I get the rundown from another mom: “The Something Navy kids go to Vega; the Warby Parker kid goes to Mataponi; The LoveShackFancy kids go to Matoaka.”
“That weekend, visiting day takes over my feed,” says another mom with two boys at Takajo. “It’s all about how fast you run, how fast your kid runs to you, how good your kid looks, how good you look,” says a mom with two daughters at Camp Starlight in Starlight, Pennsylvania. “That’s on Instagram. But then you speak to people in real life, and they’re like, ‘Visiting day was the worst day ever. My kids cried the whole day,’ or whatever.”
Ah yes, real life. In the end, there’s no amount of stuff or competition that can completely distract from a difficult truth about visiting day: It can be an emotional minefield for the campers. “Your children think they want all those creature comforts from home, and so they ask you to bring it all, but it really becomes about spending time with them. It’s emotionally heavy in many ways,” says Becca Kohn, a camp specialist who has two daughters at sleepaway camp.

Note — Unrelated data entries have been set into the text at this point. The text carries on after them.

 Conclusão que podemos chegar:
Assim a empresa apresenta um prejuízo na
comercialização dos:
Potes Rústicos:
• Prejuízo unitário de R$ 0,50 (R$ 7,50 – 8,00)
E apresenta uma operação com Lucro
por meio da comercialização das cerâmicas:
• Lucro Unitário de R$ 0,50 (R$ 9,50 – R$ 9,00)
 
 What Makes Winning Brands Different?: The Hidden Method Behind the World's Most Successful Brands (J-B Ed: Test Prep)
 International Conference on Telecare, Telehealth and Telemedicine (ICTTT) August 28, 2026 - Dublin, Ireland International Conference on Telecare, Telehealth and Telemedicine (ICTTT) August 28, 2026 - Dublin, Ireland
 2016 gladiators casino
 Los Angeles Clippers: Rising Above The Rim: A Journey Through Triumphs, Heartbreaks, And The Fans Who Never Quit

Growing up in the ’90s, I went to Camp Vega, and I remember hating visiting day. I loved seeing my parents (for the record, my mom usually wore Gap shorts and a T-shirt; she did her hair herself), but I dreaded the moment they’d leave again. I’d cry when I walked them to their car.
During COVID, visiting days were canceled at most camps. Many of the moms I interviewed reminded me of this and how it had been a relief not just for them (“pressure’s off”) but for their children. “Our kids had visiting day canceled for two years in a row because of COVID,” says Lebersfeld. “They were like, ‘Those were the best years.’” Adds a mom with boys at Takajo, “They didn’t have to do the whole emotional reset. We missed them, but it was great for everyone involved. We saved a lot of money, too.”
But that was a moment in time. Visiting day is back on, and this weekend, the mothers, fathers, stepparents, and even grandparents of the wealthiest enclaves of New York will decamp for Podunk, Maine. One mom summed it up without mincing words: “Unfortunately, I would say the parents pretty much lose their minds.”